Upgrading Galera Cluster

Since high-availability is a priority for many Galera Cluster administrators, how to go about upgrading the nodes is important. Doing so with the least amount of downtime is tricky. There are three methods for upgrading Galera Cluster, the Galera software on the individual nodes:

  • Rolling Upgrade permits you to upgrade one node at a time, without taking down the cluster—and newly upgraded nodes can join the cluster without problems.
  • Bulk Upgrade is the method by which you take down the cluster and upgrade all of the nodes together.
  • Provider Upgrade is a method in which you only upgrade the Galera Replication Plugin on each node.

There are advantages and disadvantages to each of these methods. For instance, while a rolling upgrade may prove time consuming, the cluster continues to run during the upgrades. Similarly, while a bulk upgrade is faster, depending on on your situation, problems can result from taking down the cluster for a longer period of time. You will have to choose the best method for your situation, needs and concerns.

Rolling Upgrade

When you need the cluster to remain live and do not mind the time it takes to upgrade each node, use rolling upgrades.

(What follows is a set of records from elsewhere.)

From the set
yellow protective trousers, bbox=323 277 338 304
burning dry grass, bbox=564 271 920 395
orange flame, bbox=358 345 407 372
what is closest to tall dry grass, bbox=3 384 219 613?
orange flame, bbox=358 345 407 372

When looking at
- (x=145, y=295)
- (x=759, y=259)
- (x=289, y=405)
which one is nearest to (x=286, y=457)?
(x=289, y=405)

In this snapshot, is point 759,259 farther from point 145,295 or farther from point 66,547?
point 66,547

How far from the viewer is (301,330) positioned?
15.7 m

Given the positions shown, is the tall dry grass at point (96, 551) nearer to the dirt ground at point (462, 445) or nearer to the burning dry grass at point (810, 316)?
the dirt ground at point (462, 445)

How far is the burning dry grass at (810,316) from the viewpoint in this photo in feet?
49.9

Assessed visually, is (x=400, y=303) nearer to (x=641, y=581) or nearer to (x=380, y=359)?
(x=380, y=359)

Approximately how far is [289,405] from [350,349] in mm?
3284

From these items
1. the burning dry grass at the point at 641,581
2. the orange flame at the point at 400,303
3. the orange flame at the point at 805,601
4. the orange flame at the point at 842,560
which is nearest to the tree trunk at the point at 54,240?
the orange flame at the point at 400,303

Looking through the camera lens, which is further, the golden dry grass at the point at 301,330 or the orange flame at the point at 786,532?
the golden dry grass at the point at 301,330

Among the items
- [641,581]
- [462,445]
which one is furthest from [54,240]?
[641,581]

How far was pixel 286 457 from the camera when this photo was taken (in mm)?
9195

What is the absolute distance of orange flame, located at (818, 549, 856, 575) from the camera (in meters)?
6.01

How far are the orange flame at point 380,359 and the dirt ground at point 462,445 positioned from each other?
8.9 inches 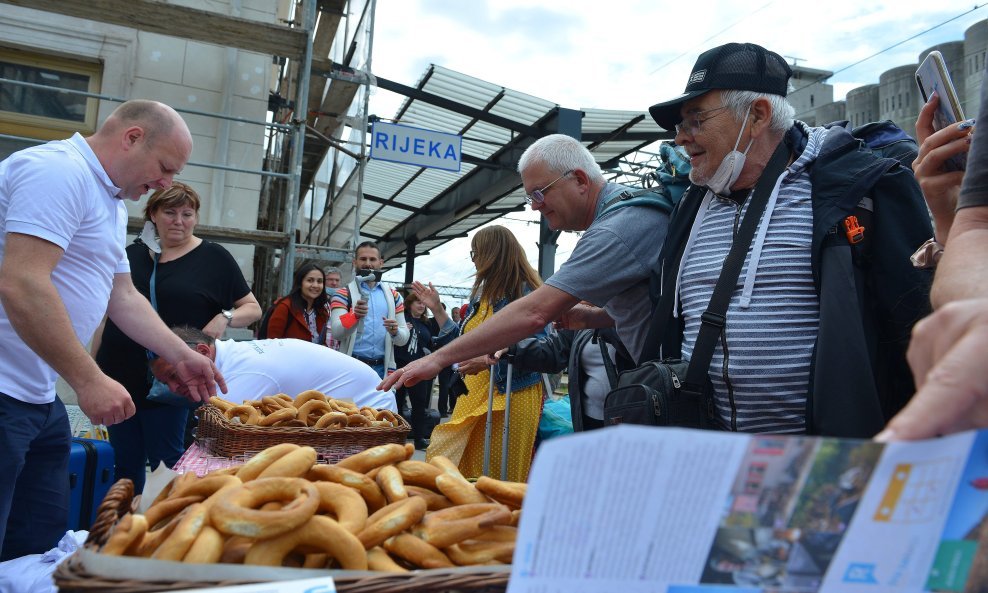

In rolling upgrades, you take each node down individually, upgrade its software and then restart the node. When the node reconnects, it brings itself back into sync with the cluster, as it would in the event of any other outage. Once the individual finishes syncing with the cluster, you can move to the next in the cluster.

The main advantage of a rolling upgrade is that in the even that something goes wrong with the upgrade, the other nodes remain operational, giving you time to troubleshoot the problem.

Some of the disadvantages to consider in rolling upgrades are:

Time Consumption Performing a rolling upgrade can take some time, longer depending on the size of the databases and the number of nodes in the cluster, during which the cluster operates at a diminished capacity.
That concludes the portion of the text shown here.